Ayant donc pensé l’édifice religieux en sa conception archétypale, créatif, pour devenir réalité physique, incarnée en le monde, car avant que quelque chose existe physiquement, il nous faut le concevoir, le penser, le dessiner, le structurer, j’admets avec facilité que ce que nous a offert l’histoire en ces civilisations antérieures et dans ces faits, a bien pensé en moi en un acte de volonté. L'Esprit parle en soi avant que nous puissions faire. Je ressens en moi et en conséquence la nécessité de perdurer de ces édifices.
Nous ne pouvons pas balayer ce que fut la conscience de nos ancêtres si nous regardons leur conscience. La conscience est vérité et exclue son contraire : l'inconscient. Elle exclue en conséquence le doute. Nous pouvons nous demander si la conscience comporte une conscience dans la mesure ou elle diffère de l'un à l'autre, et nous pouvons répondre que oui, car la conscience entière se fait de petits pas en sauts avant d'être pleine, explicitant que chacun ne soit pas au même degré de conscience en admettant le doute ou exigeant l'adhésion à l'idée d'un autre sans vouloir observer ce qu'est celle de l'autre. Dans ce cas, la conscience n'est qu'un mensonge, une illusion, car elle ne peut être et ne pas être. La conscience aboutie est forcément identique à celle de mon voisin ayant fait le même chemin d'intériorisation en sortant de la seule idée pour penser.
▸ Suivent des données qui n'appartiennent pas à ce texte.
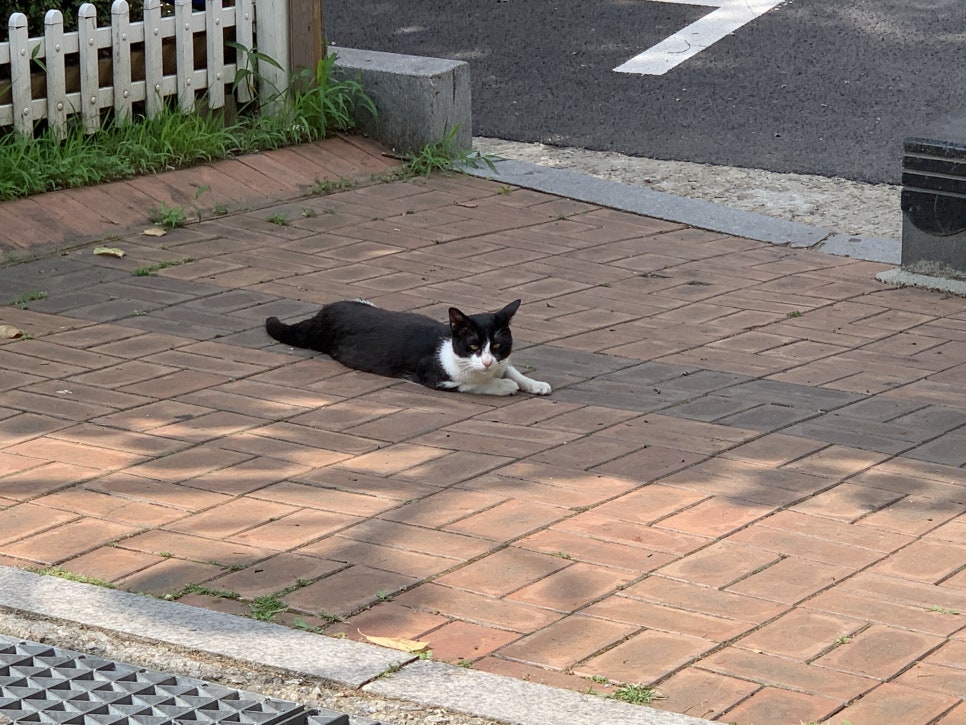 해바라기푸드 이미지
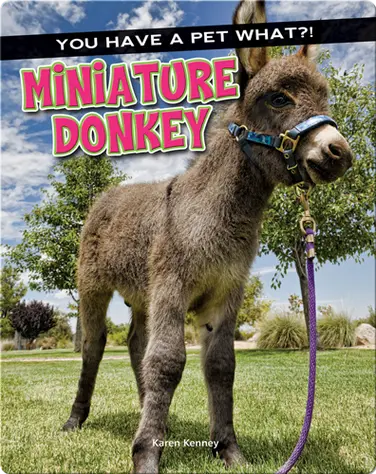 Miniature Donkey book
N’est-ce pas là la mission première des architectes, par exemple, pour bâtir nos maisons ? Ils les ont pensées, dessinées, avant qu’elles ne soient nos résidences, eux-même réceptacles de la forme à leur insu. C’est donc bien la preuve que tout est archétypal. Ils sont la conscience de nos besoins dans nos demeures. Demain, nous ne pourrons pas nier cette réalité de nos besoins parce qu’ils ont été au passé l’évidence de ceux-ci. Mais, là, nous ne tenons compte que de nos besoins primaires dits de base, et non de nos besoins spirituels, pourtant l’homme est fait de tous ces besoins et si il en a oublié le besoin spirituel, il n’en garde pas moins le besoin de reconnaissance si cher à notre temps, lequel besoin est la base du «Je». Reculerions-nous en reléguant au passé le besoin spirituel pourtant encore manifesté par un grand nombre ?
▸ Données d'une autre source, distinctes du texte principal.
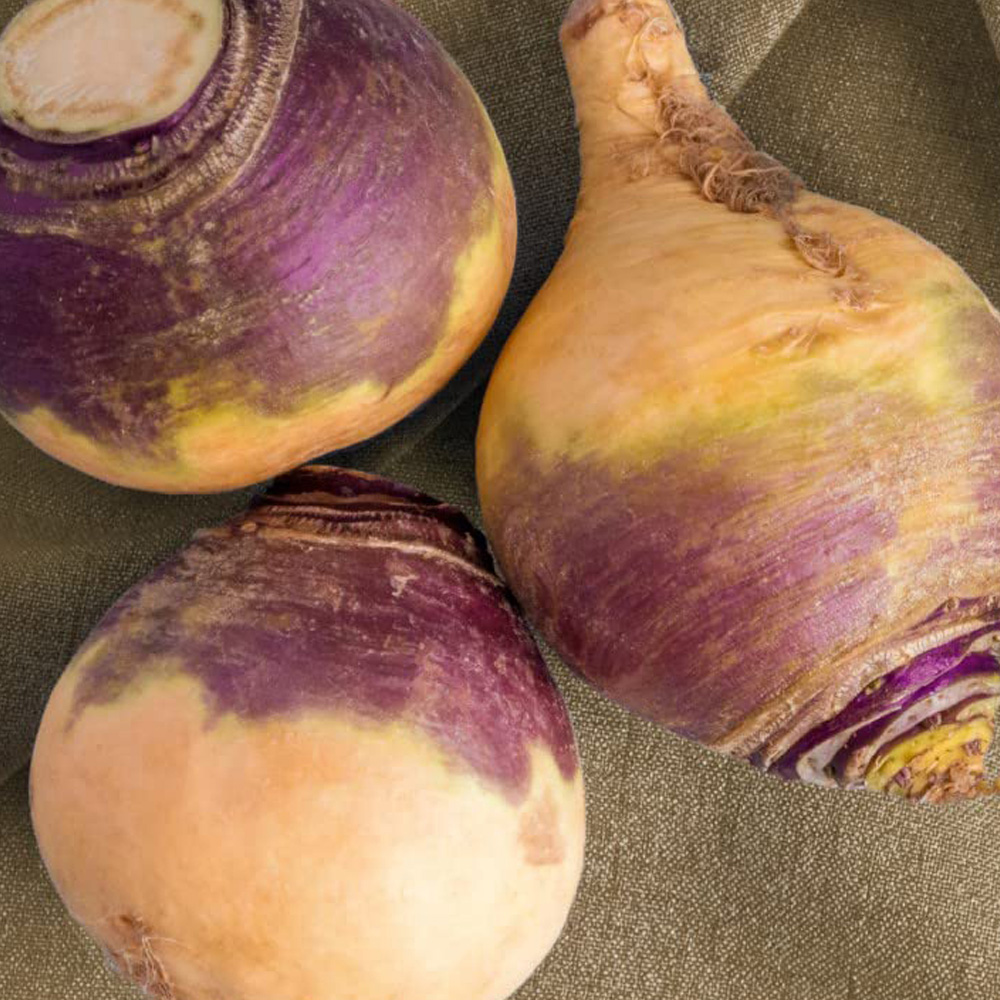 Thompson & Morgan Swede Brora Seeds Image 1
"Michaël" de Liane Collot d'Herbois
C’est donc pour ce besoin que nous ne pouvons pas nier, renier, chez l’autre, que le courage d’être soi dans la défense des acquis est primordial pour combattre ce qui voudrait être anéanti, et veulent progresser en beau et en bien dans la valeur de l’amour de tout ce que nous percevons et qui existe à l’infini. C’est sur cette note de l’essentiel en soi que je conclurai l’indispensable respect envers les convictions de chacun quand bien même d’autres les refusent pour ne plus se penser qu’en individu de plaisir (âme de sensation n’ayant pas encore élaboré l’âme d’entendement ni de conscience), et de conception uniquement physique.
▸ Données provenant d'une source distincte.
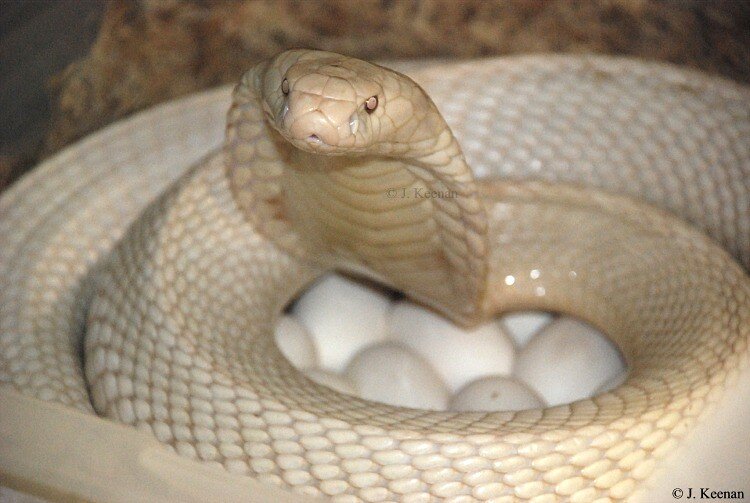 چرا رنگ از رخ این «شاهکبرا» پریدهاست؟/ عکس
Les édifices religieux chrétiens dans leur transformation matérialistes ne sont donc plus au service de l’esprit et de la pensée qui se pense dans la foi et la réalisation de l’homme, mais bien d’une évolution qui veut anéantir ce christianisme encore vivant en bon nombre d’âmes. Certes, nous pouvons prier en soi, soit dans « notre chambre », c’est à dire notre âme, sans témoins, mais nous ne pouvons pas refuser ni nier le besoin de se relier ( religere) à d’autres hommes en les supprimant dans ce qui fut leur archétype de pensée.